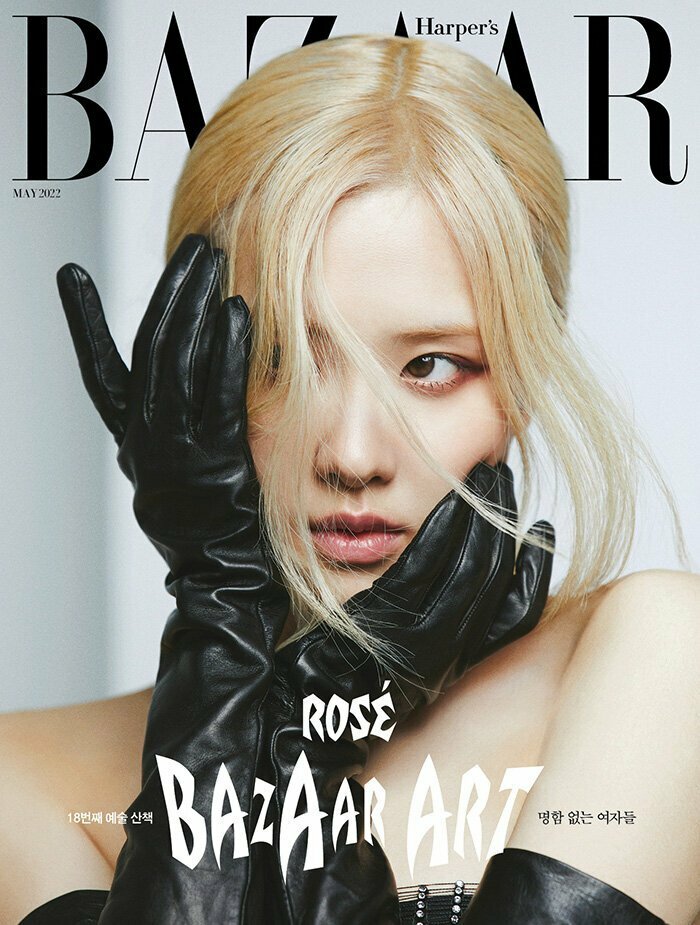 BLACKPINK Harper's BAZAAR ロゼ (2022年5月号) Harper's Bazaar Korea May 2022, BLACKPINK ROSE COVER,GOT7 MARK,K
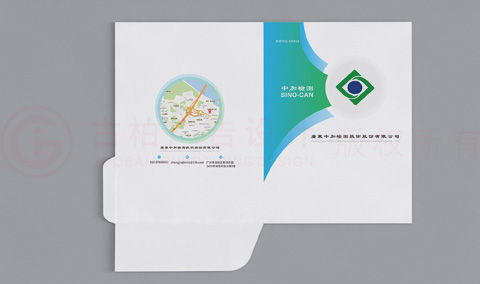 咋樣設計畫冊怎么哪里找?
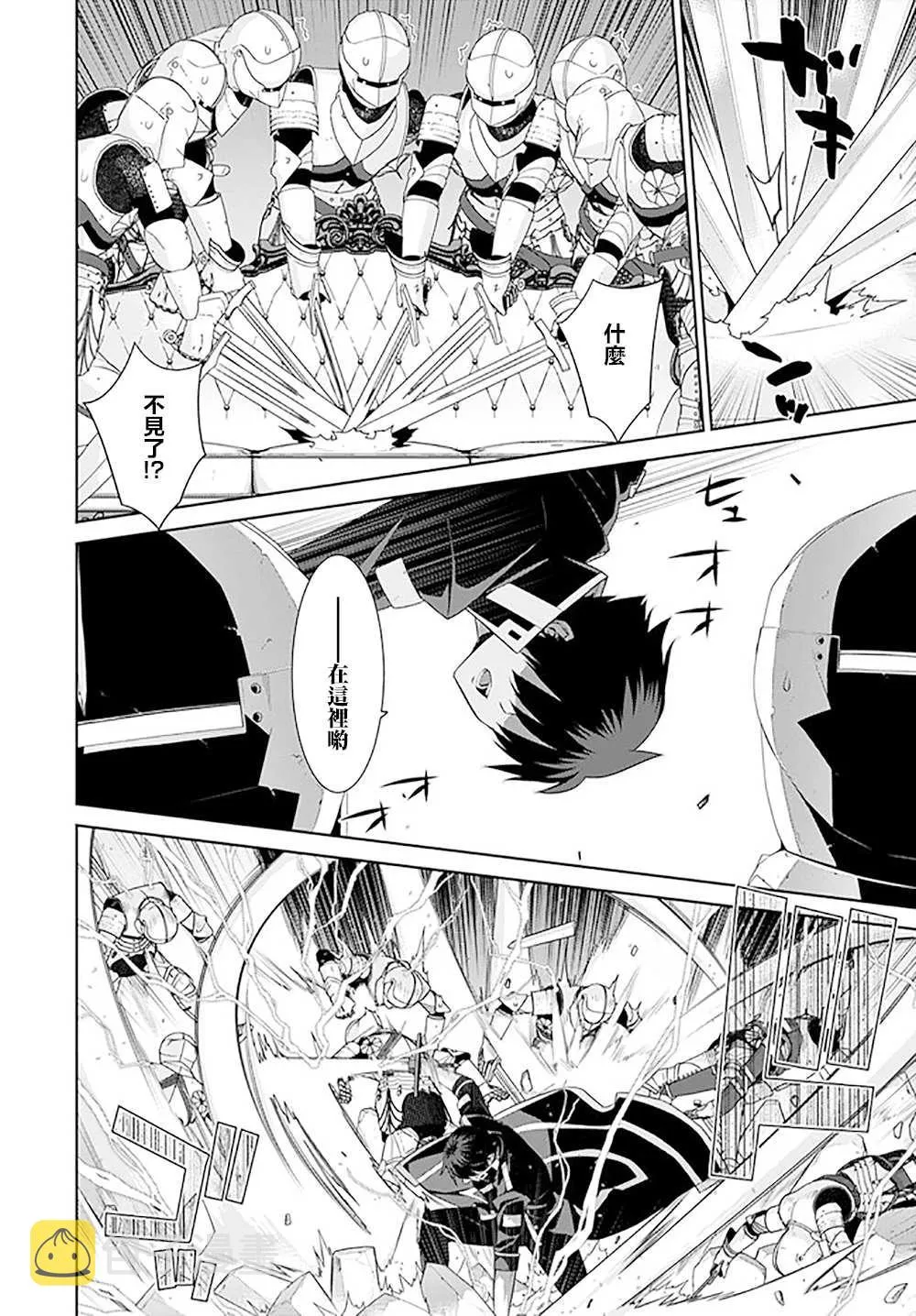 第130话 第4页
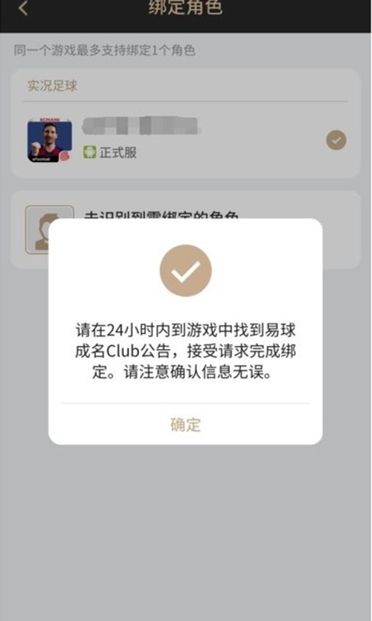 实况足球易球成名club下载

**Required action:**
The listing above should be returned word for word, with pictures omitted.

**Answer to this exercise:**
 BLACKPINK Harper's BAZAAR ロゼ (2022年5月号) Harper's Bazaar Korea May 2022, BLACKPINK ROSE COVER,GOT7 MARK,K
 咋樣設計畫冊怎么哪里找?
 第130话 第4页
 实况足球易球成名club下载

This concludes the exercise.